I had a chance to stop by and visit with Pastor Josh at All Nations Church who gave me a tour of their new facility. It holds 500 people in the main auditorium. My wife Anne-Marie came from this church when she started work with Campus Crusade for Christ, now Power to Change Ministries
I also had a chance to visit with my sister-in-law, Louise, but forgot to get a picture with her. I keep missing some good photos. Then we meet with Pastor Markus who fed us a lasagna supper and introduced us to ten people in his church who came to hear us speak and give generously for the wells. They gathered around us to pray and send us on our way.
Today was the beginning of the second half of our cycling. It is hard to believe that in 8 days it will all be over! Timo and I stopped in Echo Bay at the memorial to the designer of the loonie, Robert Ralph Carmichael. I was reminded of the boy at Duncan’s camp who gave us a loonie for the wells from his snack (or tuck) money.
We needed an early start, just after 7 AM when it was only 11 Celsius, because we had a long day ahead of us – 206 km. Much of the first part was through Amish country.
After lunch I did the next 50 km stretch alone until I caught up to Camille Dionne who is cycling from northwest BC, where she had done tree planting as a summer job, to Montreal. I couldn’t believe that she too was wearing a watermelon helmet just like Patrick, with whom we hooked up outside Kenora. She traveled the final 40 km with us to Massey, ON with her pannier bags in our RV and drafting with Timo and I. She had no trouble matching our speed.
We did arrive in time for a shower, a quick supper to get to the Lighthouse where we shared about GAiN and the wells. They warmly welcomed us, listened attentively, asked many questions and gave generously. Thank you to the folks of the Lighthouse for helping with the cause and to Mark and Jan who are hosting us for the evening.
Paul and Gaye got up very early to send us off with a hearty breakfast of bacon, eggs and cinnamon buns. Because we had a meet and greet in Thunder Bay and a speaking engagement at Camp Duncan that evening, Patrick and I (Timo was still in Thunder Bay) got underway around 6:45. Busy speaking schedules make for long days. It was the first day we had rain during the cycling.
Timo chose to ride out to join as and bring us in to Thunder Bay where we met the owner of one of the Tim Horton’s in town. She kindly set up a table where people coming into her store could make a donation and spin the wheel to get a small prize. All prizes were donated. Over $200 was given to the wells. Thank you, Christine.

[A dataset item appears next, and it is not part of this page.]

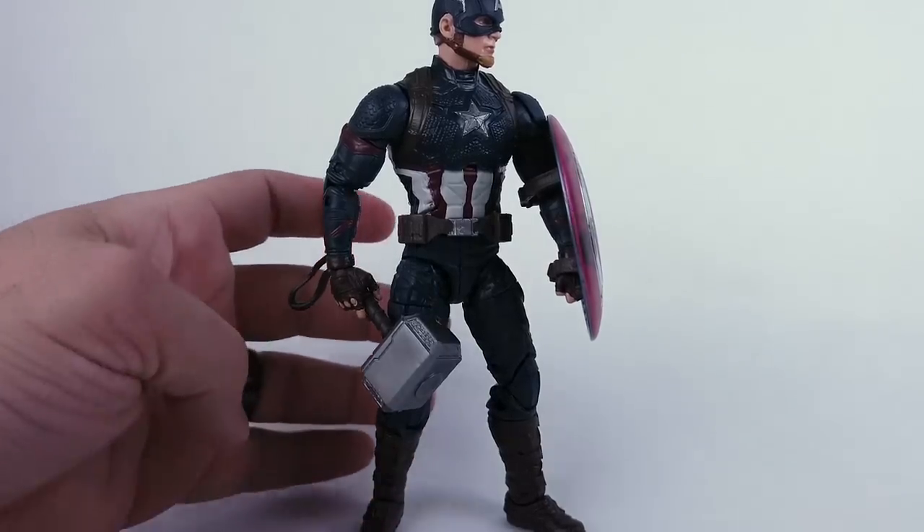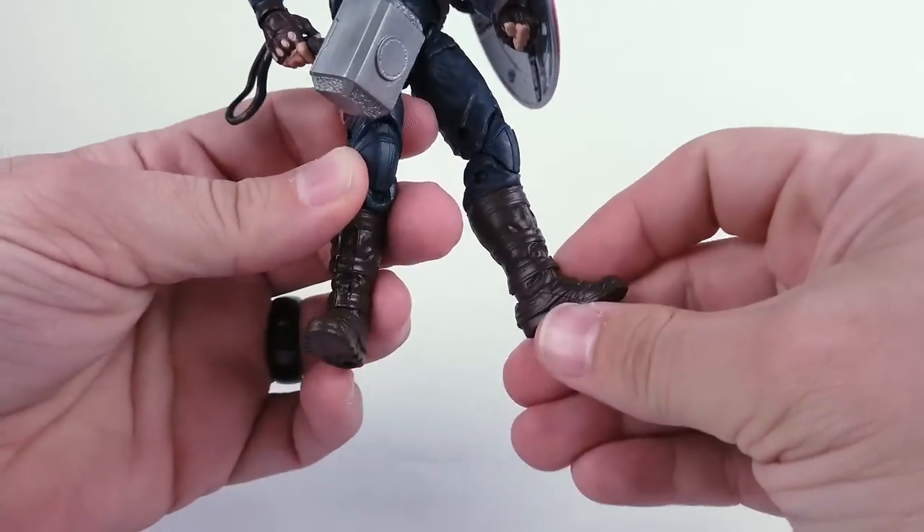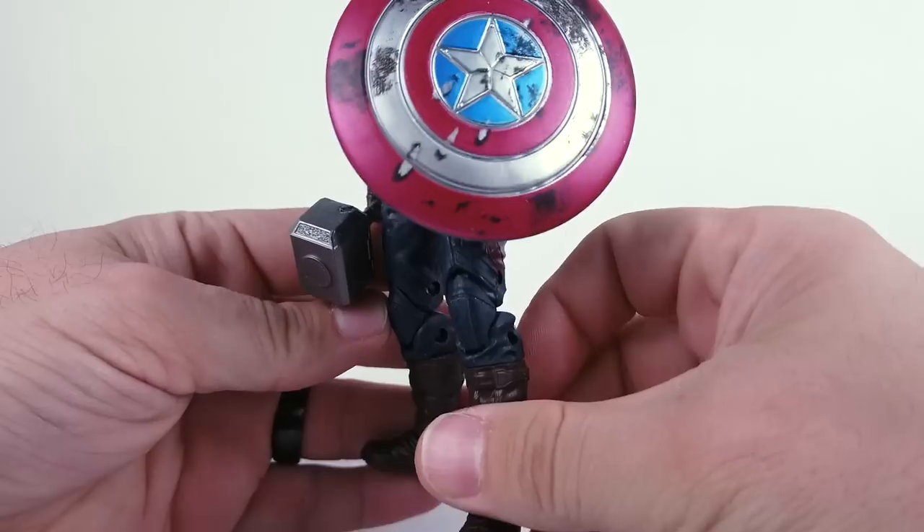Hi there, I'm Mike. What I have for you today is a little tutorial for fixing a frozen joint on a figure.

Patrick left us, but then Kari joined us to take me on to Camp Duncan where Nancy and the children’s camp warmly welcomed us with food and an opportunity to meet about 40 kids. I was allowed an opportunity to share our story as an example of how someone can hear God speak to them. One boy, out of the goodness of his heart, gave us $1 for the wells from his “tuck” or snack money. He touched us all.